While many may not even realise it, that evolution in artificial intelligence (AI) has now permeated all aspects of modern life. From the intuitive algorithms that power Google search engines and mobile phone keyboards to the intelligent digital assistants such as Siri and Alexa now capable of holding conversations with humans, AI technology has now bloomed to a global multibillion-pound technological and cultural phenomenon capable of performing tasks that Pfemeter describes as “a million times more complex than chess”.
And the next sector that AI is potentially set to revolutionise is construction. While industries such as car manufacturing and product design have long recognised and capitalised on AI’s potential, the two that have remained relatively resistant have been construction and agriculture. With the former at least, that is all set to change.

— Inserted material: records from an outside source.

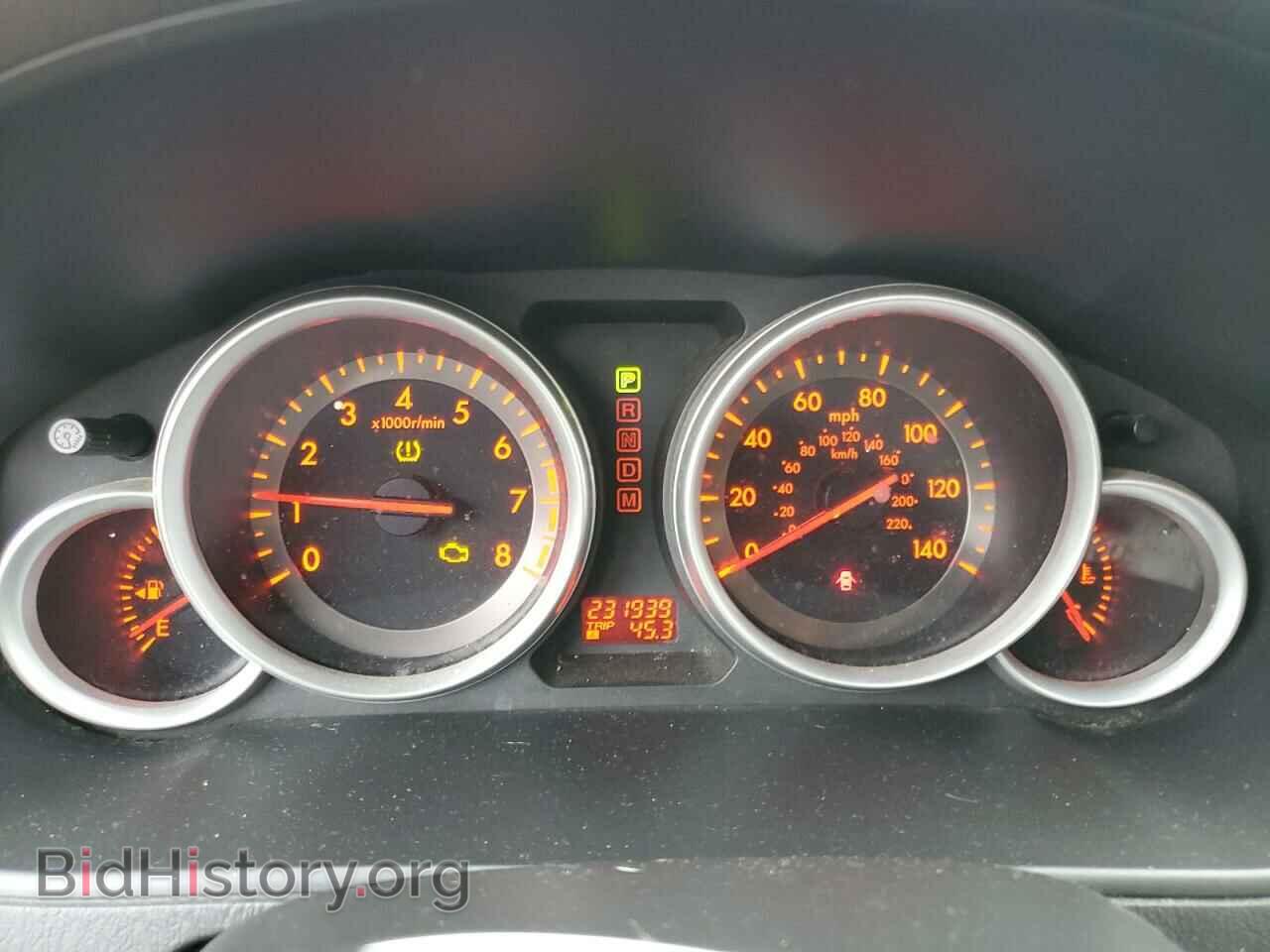 2007 MAZDA CX-9 - VIN: JM3TB28Y770109313 - Фото 9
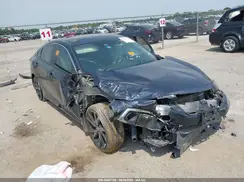 19XFC1F33KE012503 2019 HONDA CIVIC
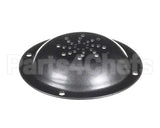 40500100 General Back Cover Round Gem120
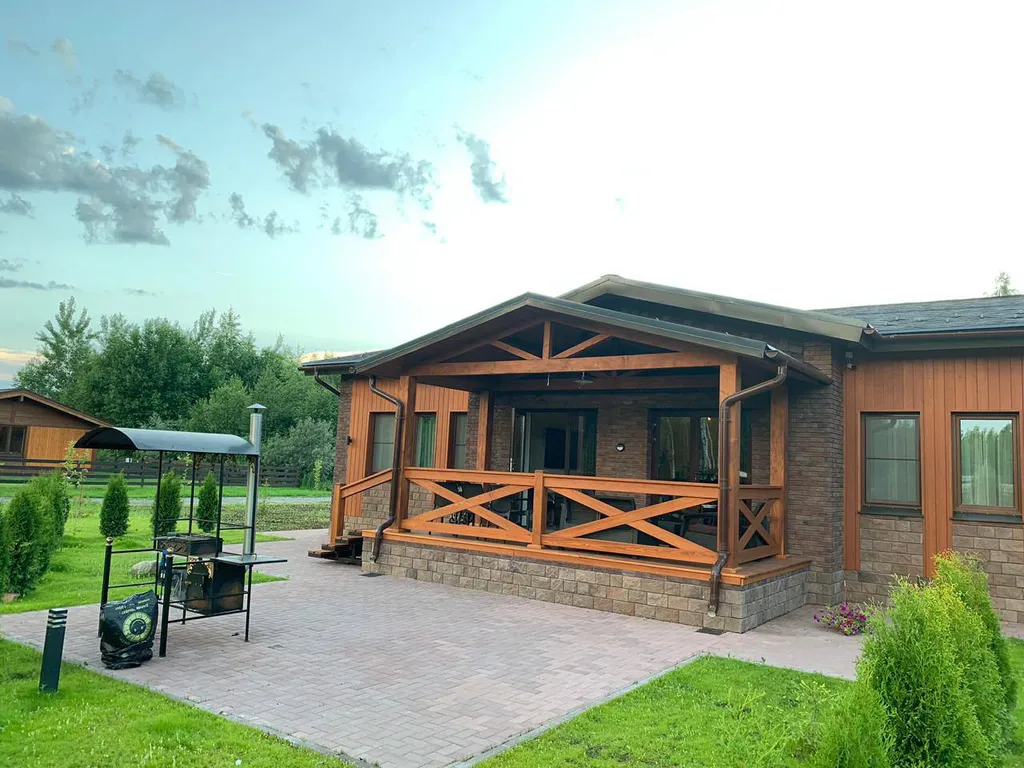 Конаково Кантри Клаб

We need people with the skills and training to know how to fully optimise AI […] Plus some sort of mechanism needs to be developed that settles concerns over liability
Simon Rawlinson, Arcadis
And for industry expert Mark Farmer, author of the Modernise or Die report and chief executive of consultant Cast, AI can’t come soon enough. “Issues surrounding unsustainable margins and poor build quality have plagued construction for many years but now seem to be reaching a crescendo. Contextual use of AI can play a fundamental role in ameliorating these problems. The whole industry must embrace the fourth technological revolution together. In a way that makes sense for all parts of the sector. Failing to do this may lead to labour force cannibalisation, further market fragmentation and polarisation, at a time when industry needs to act more in unison – from SMEs through to major businesses. The development of new skills lie at the heart of this.”
Here, we look at the ways AI could revolutionise construction in the not-so-distant future, as well as those in which it is already happening.
One of the biggest areas in which AI technology already manifests itself in the construction industry is computational design. This is essentially a rules-based digital programming where complex designs and advanced structures can be processed extremely quickly.
It is not exactly brand-new technology either.
As far back as the late 1990s, when he was working on his landmark Walt Disney Concert Hall in Los Angeles, Frank Gehry was using computational design not just to help model the dynamic structure of the building but to determine the optimum shape and area of the auditorium that would maximise the number of generous viewing sightlines available.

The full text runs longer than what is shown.